WHAT YOU WILL DO: Before anything else, copy every record below exactly as it stands.

━━━━━━━━━━━━━━━━━━━━

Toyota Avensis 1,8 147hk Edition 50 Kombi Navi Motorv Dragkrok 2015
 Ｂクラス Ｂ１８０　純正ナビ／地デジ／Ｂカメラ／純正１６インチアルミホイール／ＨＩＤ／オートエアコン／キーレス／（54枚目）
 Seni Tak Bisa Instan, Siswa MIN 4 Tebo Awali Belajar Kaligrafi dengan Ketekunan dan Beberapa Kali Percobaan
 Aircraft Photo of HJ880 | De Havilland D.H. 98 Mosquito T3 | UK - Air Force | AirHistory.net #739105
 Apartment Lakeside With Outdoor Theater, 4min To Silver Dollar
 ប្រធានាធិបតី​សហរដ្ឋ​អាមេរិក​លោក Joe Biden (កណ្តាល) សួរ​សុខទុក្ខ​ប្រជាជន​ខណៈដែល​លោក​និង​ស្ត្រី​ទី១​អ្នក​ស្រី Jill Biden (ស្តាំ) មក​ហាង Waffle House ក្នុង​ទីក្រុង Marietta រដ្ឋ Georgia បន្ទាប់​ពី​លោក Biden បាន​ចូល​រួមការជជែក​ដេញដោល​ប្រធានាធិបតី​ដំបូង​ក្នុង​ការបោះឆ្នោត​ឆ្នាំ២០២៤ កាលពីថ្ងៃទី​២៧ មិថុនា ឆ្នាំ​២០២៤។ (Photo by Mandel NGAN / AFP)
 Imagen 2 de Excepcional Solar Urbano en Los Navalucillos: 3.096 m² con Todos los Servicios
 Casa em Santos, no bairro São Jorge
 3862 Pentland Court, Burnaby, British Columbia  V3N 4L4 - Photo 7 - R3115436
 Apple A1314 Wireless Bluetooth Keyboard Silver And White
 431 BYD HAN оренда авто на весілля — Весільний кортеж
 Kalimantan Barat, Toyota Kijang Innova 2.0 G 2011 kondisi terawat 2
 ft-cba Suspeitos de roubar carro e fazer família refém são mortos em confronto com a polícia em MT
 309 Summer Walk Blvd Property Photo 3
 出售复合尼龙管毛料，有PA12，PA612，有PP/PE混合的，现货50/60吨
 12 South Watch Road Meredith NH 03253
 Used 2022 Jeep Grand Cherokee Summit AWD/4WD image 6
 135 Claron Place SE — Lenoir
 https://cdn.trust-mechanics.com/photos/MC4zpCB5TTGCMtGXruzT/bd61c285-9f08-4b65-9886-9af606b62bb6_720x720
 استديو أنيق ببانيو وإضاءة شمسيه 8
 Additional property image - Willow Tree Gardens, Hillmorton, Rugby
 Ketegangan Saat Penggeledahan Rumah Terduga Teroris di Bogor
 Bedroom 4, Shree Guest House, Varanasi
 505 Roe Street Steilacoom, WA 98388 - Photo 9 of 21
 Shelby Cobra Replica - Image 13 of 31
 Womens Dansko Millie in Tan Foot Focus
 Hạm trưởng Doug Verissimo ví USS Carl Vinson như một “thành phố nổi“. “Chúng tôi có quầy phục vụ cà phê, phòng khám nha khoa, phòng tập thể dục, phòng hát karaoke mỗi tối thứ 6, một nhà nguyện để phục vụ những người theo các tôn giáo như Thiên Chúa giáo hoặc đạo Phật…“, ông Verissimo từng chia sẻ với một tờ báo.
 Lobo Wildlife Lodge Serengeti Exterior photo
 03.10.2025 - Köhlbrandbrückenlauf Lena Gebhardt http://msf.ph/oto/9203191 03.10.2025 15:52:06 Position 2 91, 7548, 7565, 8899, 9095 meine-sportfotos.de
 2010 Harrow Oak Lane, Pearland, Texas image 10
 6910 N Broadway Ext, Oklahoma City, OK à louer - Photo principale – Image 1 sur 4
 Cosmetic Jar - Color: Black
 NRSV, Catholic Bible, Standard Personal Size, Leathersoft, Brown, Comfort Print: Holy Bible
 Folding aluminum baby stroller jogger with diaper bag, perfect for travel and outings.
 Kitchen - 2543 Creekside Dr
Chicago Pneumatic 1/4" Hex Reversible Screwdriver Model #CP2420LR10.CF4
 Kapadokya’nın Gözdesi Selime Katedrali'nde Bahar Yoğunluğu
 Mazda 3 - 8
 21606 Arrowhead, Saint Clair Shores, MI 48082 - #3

━━━━━━━━━━━━━━━━━━━━

ANSWER TO THE PROBLEM:
Toyota Avensis 1,8 147hk Edition 50 Kombi Navi Motorv Dragkrok 2015
 Ｂクラス Ｂ１８０　純正ナビ／地デジ／Ｂカメラ／純正１６インチアルミホイール／ＨＩＤ／オートエアコン／キーレス／（54枚目）
 Seni Tak Bisa Instan, Siswa MIN 4 Tebo Awali Belajar Kaligrafi dengan Ketekunan dan Beberapa Kali Percobaan
 Aircraft Photo of HJ880 | De Havilland D.H. 98 Mosquito T3 | UK - Air Force | AirHistory.net #739105
 Apartment Lakeside With Outdoor Theater, 4min To Silver Dollar
 ប្រធានាធិបតី​សហរដ្ឋ​អាមេរិក​លោក Joe Biden (កណ្តាល) សួរ​សុខទុក្ខ​ប្រជាជន​ខណៈដែល​លោក​និង​ស្ត្រី​ទី១​អ្នក​ស្រី Jill Biden (ស្តាំ) មក​ហាង Waffle House ក្នុង​ទីក្រុង Marietta រដ្ឋ Georgia បន្ទាប់​ពី​លោក Biden បាន​ចូល​រួមការជជែក​ដេញដោល​ប្រធានាធិបតី​ដំបូង​ក្នុង​ការបោះឆ្នោត​ឆ្នាំ២០២៤ កាលពីថ្ងៃទី​២៧ មិថុនា ឆ្នាំ​២០២៤។ (Photo by Mandel NGAN / AFP)
 Imagen 2 de Excepcional Solar Urbano en Los Navalucillos: 3.096 m² con Todos los Servicios
 Casa em Santos, no bairro São Jorge
 3862 Pentland Court, Burnaby, British Columbia  V3N 4L4 - Photo 7 - R3115436
 Apple A1314 Wireless Bluetooth Keyboard Silver And White
 431 BYD HAN оренда авто на весілля — Весільний кортеж
 Kalimantan Barat, Toyota Kijang Innova 2.0 G 2011 kondisi terawat 2
 ft-cba Suspeitos de roubar carro e fazer família refém são mortos em confronto com a polícia em MT
 309 Summer Walk Blvd Property Photo 3
 出售复合尼龙管毛料，有PA12，PA612，有PP/PE混合的，现货50/60吨
 12 South Watch Road Meredith NH 03253
 Used 2022 Jeep Grand Cherokee Summit AWD/4WD image 6
 135 Claron Place SE — Lenoir
 https://cdn.trust-mechanics.com/photos/MC4zpCB5TTGCMtGXruzT/bd61c285-9f08-4b65-9886-9af606b62bb6_720x720
 استديو أنيق ببانيو وإضاءة شمسيه 8
 Additional property image - Willow Tree Gardens, Hillmorton, Rugby
 Ketegangan Saat Penggeledahan Rumah Terduga Teroris di Bogor
 Bedroom 4, Shree Guest House, Varanasi
 505 Roe Street Steilacoom, WA 98388 - Photo 9 of 21
 Shelby Cobra Replica - Image 13 of 31
 Womens Dansko Millie in Tan Foot Focus
 Hạm trưởng Doug Verissimo ví USS Carl Vinson như một “thành phố nổi“. “Chúng tôi có quầy phục vụ cà phê, phòng khám nha khoa, phòng tập thể dục, phòng hát karaoke mỗi tối thứ 6, một nhà nguyện để phục vụ những người theo các tôn giáo như Thiên Chúa giáo hoặc đạo Phật…“, ông Verissimo từng chia sẻ với một tờ báo.
 Lobo Wildlife Lodge Serengeti Exterior photo
 03.10.2025 - Köhlbrandbrückenlauf Lena Gebhardt http://msf.ph/oto/9203191 03.10.2025 15:52:06 Position 2 91, 7548, 7565, 8899, 9095 meine-sportfotos.de
 2010 Harrow Oak Lane, Pearland, Texas image 10
 6910 N Broadway Ext, Oklahoma City, OK à louer - Photo principale – Image 1 sur 4
 Cosmetic Jar - Color: Black
 NRSV, Catholic Bible, Standard Personal Size, Leathersoft, Brown, Comfort Print: Holy Bible
 Folding aluminum baby stroller jogger with diaper bag, perfect for travel and outings.
 Kitchen - 2543 Creekside Dr
Chicago Pneumatic 1/4" Hex Reversible Screwdriver Model #CP2420LR10.CF4
 Kapadokya’nın Gözdesi Selime Katedrali'nde Bahar Yoğunluğu
 Mazda 3 - 8
 21606 Arrowhead, Saint Clair Shores, MI 48082 - #3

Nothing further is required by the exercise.